If the current Scottish Government needs an agenda, running parallel to its ultimate goal of independence, but not trapped by a potentially ruinous second referendum, it must be defined by a new set of priorities.

These ought to include a return to powerhouse local government, a new freedom for civil servants to break with the patrician centralism of the New Labour mindset, and a renewed interest in seeding cultural revival.

Independence is once again a long game, played with rules that are constantly changing.

The areas of policy where the SNP have been strongest – on introducing and maintaining universalism in health, education, personal care and childcare – bind Scots to a distinctive set of social policies that they all share.

But a nation is about something more than just the shared experience of institutions and services. A nation is a diverse, jumbled and often contradictory mix of places, peoples, cultures. Scotland is no exception here; it sits in the mainstream.

Looking to the local and empowering people to embrace and participate in their own culture, are the only ingredients potent enough to build the confidence that will make independence happen. In both these fields, with cuts looming left, right and centre ten years in, the SNP has struggled to find a new instinct and break out of the mould it inherited.

It is impossible to imagine a Scotland without the SNP – the country now exists in the party’s image.

But that image: gradualist, reformist, cautious and economically optimistic, was forged in an era, a mere decade ago, entirely different from the one we’re now in. Things really have been changing that fast.
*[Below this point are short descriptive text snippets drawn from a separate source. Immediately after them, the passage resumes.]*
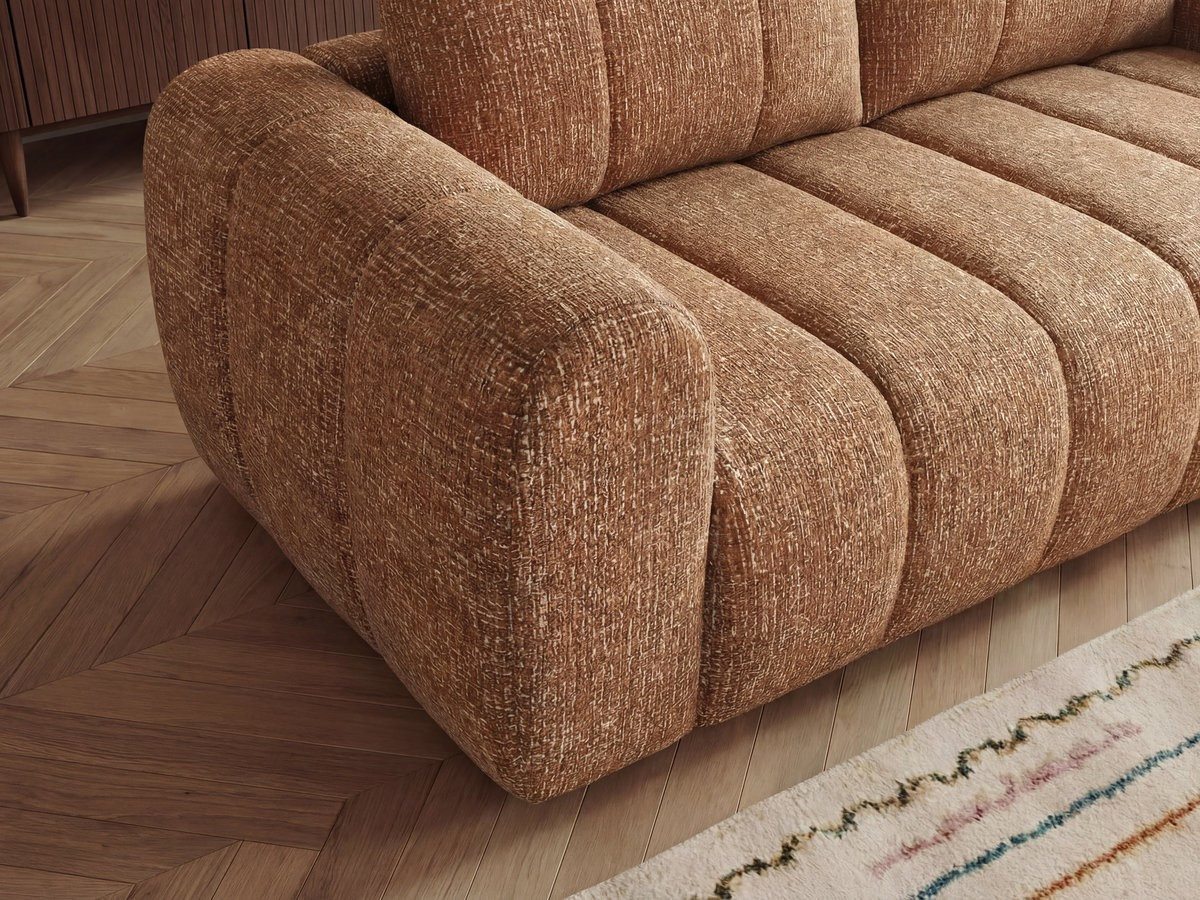 Bobochic Nesty Ecksofa 272 cm mit Pouf Melange-Stoff Orange Ecke rechts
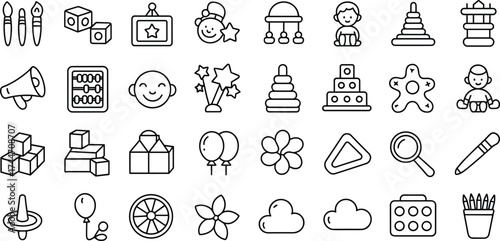 Outline icons of children's toys and learning tools baby education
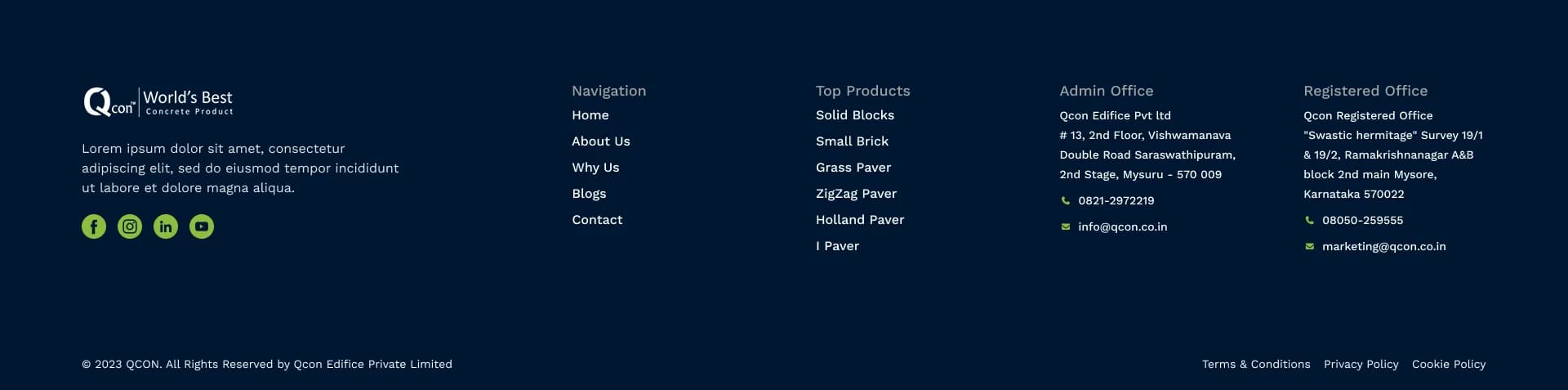 QCon organized website footer serving as a secondary navigation system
The claim of Scottish nationalism, unless it’s going to be overtaken once again by events elsewhere, must not be defined by loose and nebulous concepts like growth or progress. It should instead by defined by resilience. A deeper democracy, a confident, empowered and inspired populace – a bulwark against the coming storm, and the only foundation sturdy enough to build a new country, when all around, destruction is the order of the day.